Mit Puppen spielt man

Hmm... es wurde dann auch ein wenig unangenehm in dieser Folge. Nach der Entwicklung, die Langton hin zur eindeutigen Vaterfigur genommen hat, wirkt die Geschichte um Sierras Handler wirklich ein bisschen sehr aufwühlend. Sicherlich ist Kindesmissbrauch kein gänzlich neues Thema im Fernsehen, aber hier wurde (in meinen Augen zumindest) erstmals in dieser Serie ein (wenn man es so nennen darf) "Klassiker" der ernsten TV-Serien-Inhalte auf interessante und nicht mit dem Holzhammer geschnitzte Weise umgesetzt. Zum ersten Mal musste man über die Folge hinaus denken – okay man musste nicht, man konnte – um den ganzen Umfang der hiermit angeschnittenen Thematik zu umfassen. Guter, ernsthafter Inhalt, der wirklich elegant und mehrschichtig umgesetzt wurde – ein Novum in dieser Serie bislang.

Was dann mit Mr. Hearn geschieht, geht weiter in die Richtung der oben schon angesprochenen, neu entdeckten Möglichkeiten des Intrigenspiels. Sicherlich ein wenig unrealistisch, dass anscheinend jeder in Ballards Umgebung in irgendeiner Weise mit dem Dollhouse verstrickt ist, aber so wird wenigstens das bislang extrem skurrile Verhalten von Mellie erklärt. Es scheint auch so, als hätten die werte Dame an den Hebeln des Dollhouses schon länger ein Auge auf den umtriebigen Agenten geworfen.

Der Weg durch den Sumpf

Um gleich mal bei unserem Lieblingsagenten zu bleiben: Ganz plötzlich ist er dran – ja fast mittendrin – am/im Dollhouse. Wie er ganz am Anfang sagte: "It can't possibly be this easy" – genau das dachte ich mir auch. Fast scheint es so, als wolle das Dollhouse gefunden werden. Was auch erklärt, warum DeWitt solche Hemmungen besitzt, ihn einfach auf klassische Sopranos-Weise loszuwerden, sondern ihm gleich durch mehrere Dolls bzw. Sleeper-Dolls auch noch Geleitschutz an die Seite stellt. Dass er jetzt den oben genannten "man on the inside" hat und ausgerechnet durch eine Sabotage an Echos Imprint kontaktiert wird, macht das Ganze sehr viel leichter und hebt die Nachteile, die seine Suspendierung beinhaltet, um Längen wieder auf. Außerdem erhält er durch den "Angriff" auf Mellie den heißen Hinweis, dass er an etwas dran ist und dies bemerkt wurde.

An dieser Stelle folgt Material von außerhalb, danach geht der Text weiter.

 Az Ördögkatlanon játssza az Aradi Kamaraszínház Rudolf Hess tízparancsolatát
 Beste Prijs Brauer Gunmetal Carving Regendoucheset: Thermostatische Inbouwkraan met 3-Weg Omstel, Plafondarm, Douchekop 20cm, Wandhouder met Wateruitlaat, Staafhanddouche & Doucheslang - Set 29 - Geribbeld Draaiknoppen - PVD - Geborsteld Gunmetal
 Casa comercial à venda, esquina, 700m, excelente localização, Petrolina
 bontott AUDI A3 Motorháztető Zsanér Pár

Apropos Suspendierung: Ich kann einfach nicht verstehen, dass er mit seinen Rambo-Methoden noch nicht im Gefängnis gelandet ist. Aber wenigstens sieht man, dass er ein Mann mit einer Mission ist. Verbissen, unnachgiebig, einzelgängerisch. Hmm... an seinem Klischee hat sich seit der ersten Folge ironischerweise am wenigsten geändert.

Schnipsel

Ja, eine Folge in der so viel passiert, verdient diesen Abschnitt:

  • The Attic ist anscheinend nicht nur eine Abstellkammer für Dolls, sondern eher eine allgemeine Müllentsorgung des Dollhouses. Ich frage mich, ob wir jemals erfahren werden, was das nun wirklich ist (und traurigerweise glaube ich, dass wir es werden – bei manchen Sachen will man einfach im Dunkeln gehalten werden).
  • Freundschaft und Erinnerung der drei Dolls werden immer komplexer und weitreichender. Obwohl Topher das schon vor einigen Wochen feststellte, sitzt er auf seinen Händen und unternimmt nichts dagegen. Strange.
  • Dichen Lachman bleibt die mit Abstand überzeugendste Doll-Darstellerin. Auch die Auftritte von Enver Gjokaj sind teilweise erschreckend grausam.
  • Zum ersten Mal kann ich eigentlich nichts über die Perfomance von Dushku sagen: entweder sie steigert sich oder ich gewöhne mich an ihre Art zu schauspielern. Hmm... ich frage mich was von beiden es ist...

Fazit

Durch den Verzicht auf eine PotW katapultiert diese Folge beinahe alle Staffelhandlungen nach vorne und sich selbst auf den Thron der bislang besten Folge.

Jep, das war doch mal wirklich gut (also nicht meine Review, sondern die Folge). Einige, kleinere Schwächen und die (inzwischen exorbitanten) Erwartungen an die nächste Folge verhindern noch die volle Punktzahl, aber so kann... nein so muss (!) es weitergehen.